Augustus Bradford had succeeded Thomas H. Hicks as governor in 1862. Late that year, Hicks was appointed by Bradford to fill the Senate seat vacated by the death of James A. Pearce. Historians Harry. J. Carman and Reinhard H. Luthin, wrote: "Senator Hicks died in mid-February (1865), thus throwing the patronage muddle in this state into further confusion. No sooner had Hicks been laid to rest than a mad tussle ensued between Blair and Congressman John A. J. Creswell (Davis's chief lieutenant), for the vacant Senate seat. At Annapolis the Maryland legislature waxed war over the rival candidates, the conservative members supporting Blair because he 'was expected to favor compensation for the slaves liberated,' while the radical members (or extreme emancipationists) worked for Creswell's election. Although Lincoln was said to favor Blair, the War Department patronage in Maryland at the direction of the radical Secretary of War Stanton and the pro-Chase officeholders in the Treasury Department were utilized for Creswell.

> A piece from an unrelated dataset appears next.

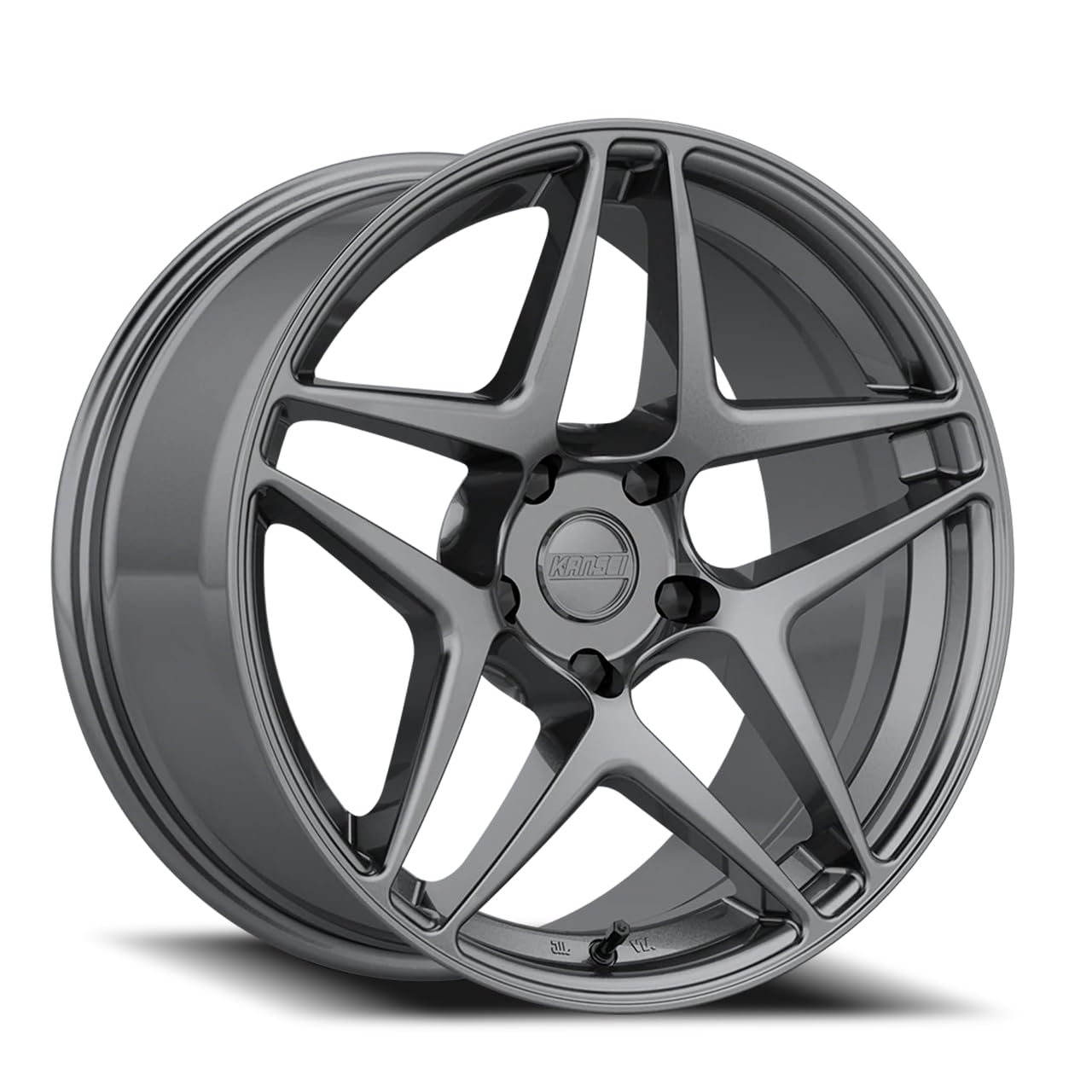 KANSEI - Astro GM 19X10.5 5X114.3 +12 KANSEI - Astro GM 19X10.5 5X114.3 +12 von KANSEI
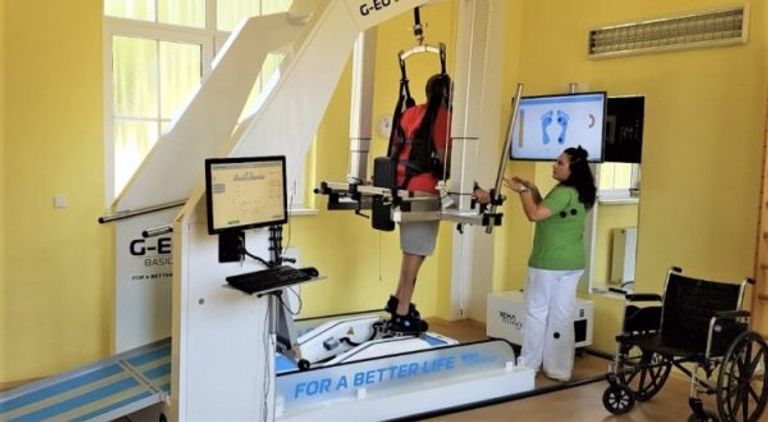 السياحة العلاجية في التشيك السياحة العلاجية في العالم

The pro-Blair Baltimore Clipper charged bitterly: 'The purse and the sword, the Treasury of the United States and all the patronage of the War Department may elect him [Creswell]....No persons ever wished him to be a candidate but Henry Winter Davis and his friends.'"162
Blair had tried to unite Democrats with his Conservative Unionist faction behind his candidacy to replace Thomas Hicks in the Senate. Democrats in the state legislature failed to rally behind him. Historian Jean H. Baker wrote: "Evidently the strong bonds of party prevented Democrats from voting for a Unionist, no matter how similar their positions. Later a Democratic newspaper explained that Blair had been a part of the Lincoln administration and therefore deserved the 'opprobrium' of Democrats." Baker wrote: "Despite Blair's appearance in Annapolis, fusionists could not deliver the Democratic vote. On two important roll calls involving procedures for the senatorial election, Democrats either did not vote or they cast ballots against the Blair position....Evidently the strong bonds of party prevented Democrats from voting for a Unionist, no matter how similar their positions."163
Historians Carman and Luthin wrote: "The election of Creswell to the United States Senate brought no improvement in the Maryland scene as far as Lincoln was concerned, although the President tried valiantly to bring harmony to the warring factions. The Blairs, stung by Montgomery's defeat, were in no mood for peace, while Davis, apparently flushed by Creswell's victory, resumed his baiting of the administration. Indeed, on March 3 (1865), the last day of the expiring Congress, Davis joined such radical leaders as Thaddeus Stevens, of Pennsylvania, in opposing Lincoln's conciliatory Reconstruction policy toward Louisiana. 'Justice to all' was proving a difficult rule for Lincoln to apply practically in Maryland."164 As Davis biographer Bernard C. Steiner wrote, Davis' "breach with the administration was wide and the parties on either side of it were bitter in their remarks concerning those on the other one."165
Mr. Lincoln himself would suffer the ultimate injustice at the hand of a Maryland native, actor John Wilkes Booth, on April 14, 1865. Davis died before the end of the year.